Clean Energy, paid for by energy savings, enhances real estate value

If we know the problem is GHG-emissions, and clean energy reduces or eliminates GHG-emissions, while energy savings reduces emissions nominally but lowers the cost of continuing emissions, so that it aggravates the problem in the long run... clearly the only rational priority is figuring out how we can upgrade our buildings to the maximum extent to clean energy. Interestingly, clean energy investments because they are an enhancement to the fixed building stock, move energy from liabilities to assets, and should be evaluated properly based on a thirty year capital budgeting analysis of the property as an energy asset.

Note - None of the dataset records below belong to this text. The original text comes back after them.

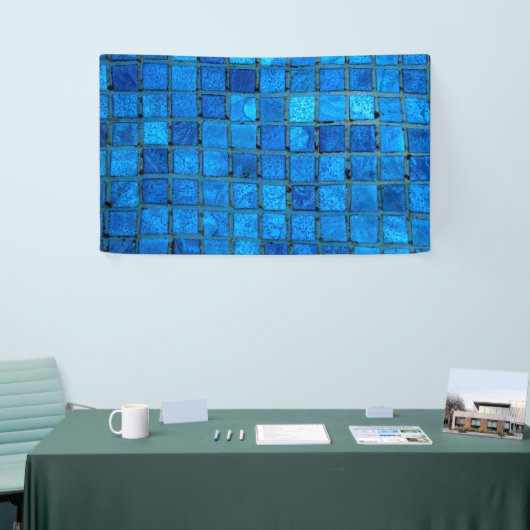 Blauwe onderzeese tegels spandoek (Beurs)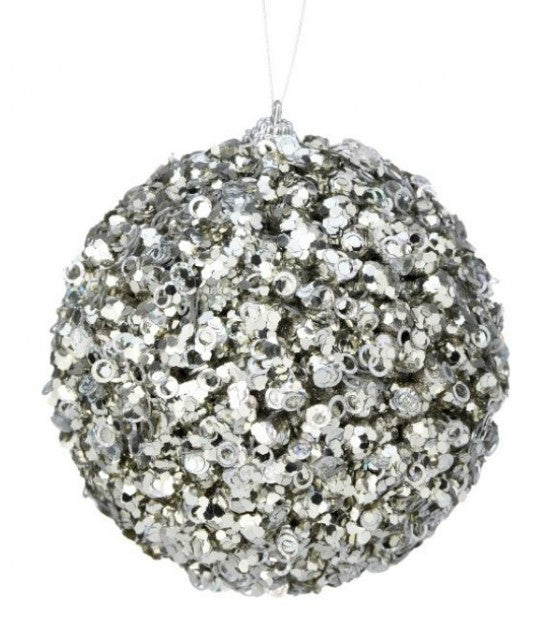 4.5"  Glamour Sequin Ball Ornament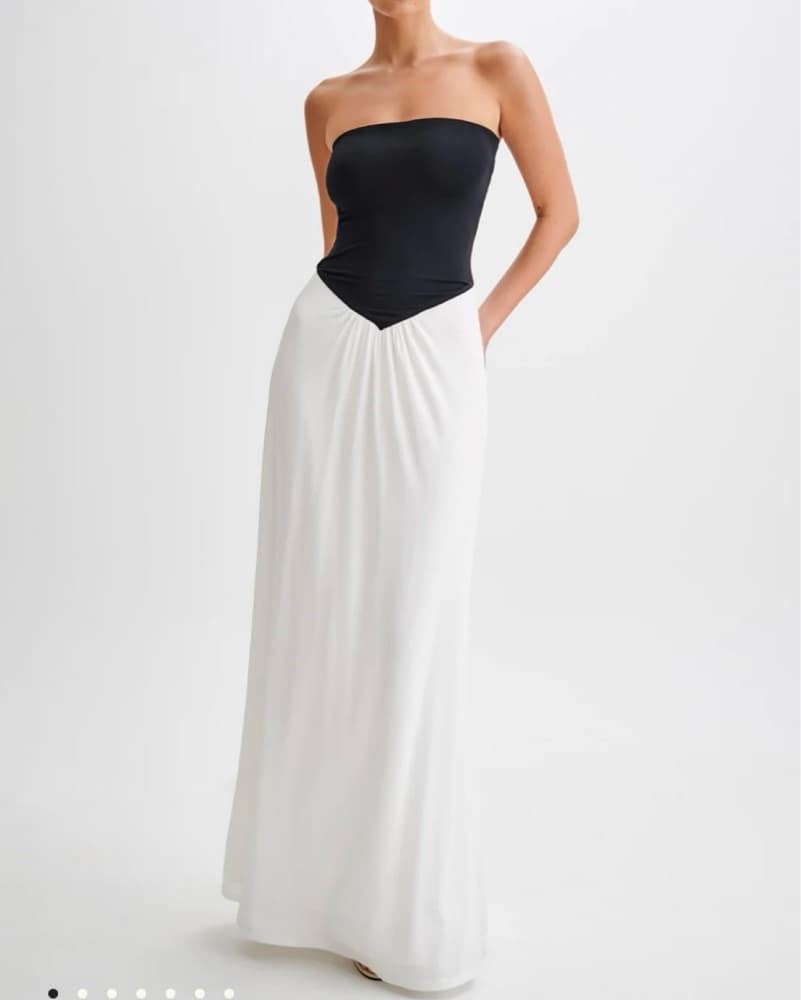 Meski Black-White Dress - Image 1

Once we use this methodology all investment priorities change, because three decades of no energy bills provide powerful financing ability for the required capital investment up front. The appropriate finance tools are increasingly available, such as PACE financing, even if PACE is often times misused to finance energy efficiency projects. Minimizing GHG-emissions, by maximizing on site clean energy generation, while paying for it from energy savings, should be the new policy goal. Property owners ignore this at their own risk, because on the margin, in new construction, net-zero is becoming the norm.

Conclusion

In conclusion, there are two problems that are holding up the show for the transition to a clean energy economy:
  • Prioritizing energy savings when only on-site clean energy generation will make a difference in GHG reductions (as well as create greater resiliency in buildings).
  • Making decisions based on marginal energy savings and payback of the equipment, instead of based on a 30 capital budget for energy for the property, which would immediately reveal the asset-enhancing value of clean energy by moving energy from liabilities to assets.
The clean energy future will forever be put off, if we continue to prioritize energy savings, but on site clean energy generation will reduce GHG-emissions and enhance real estate values.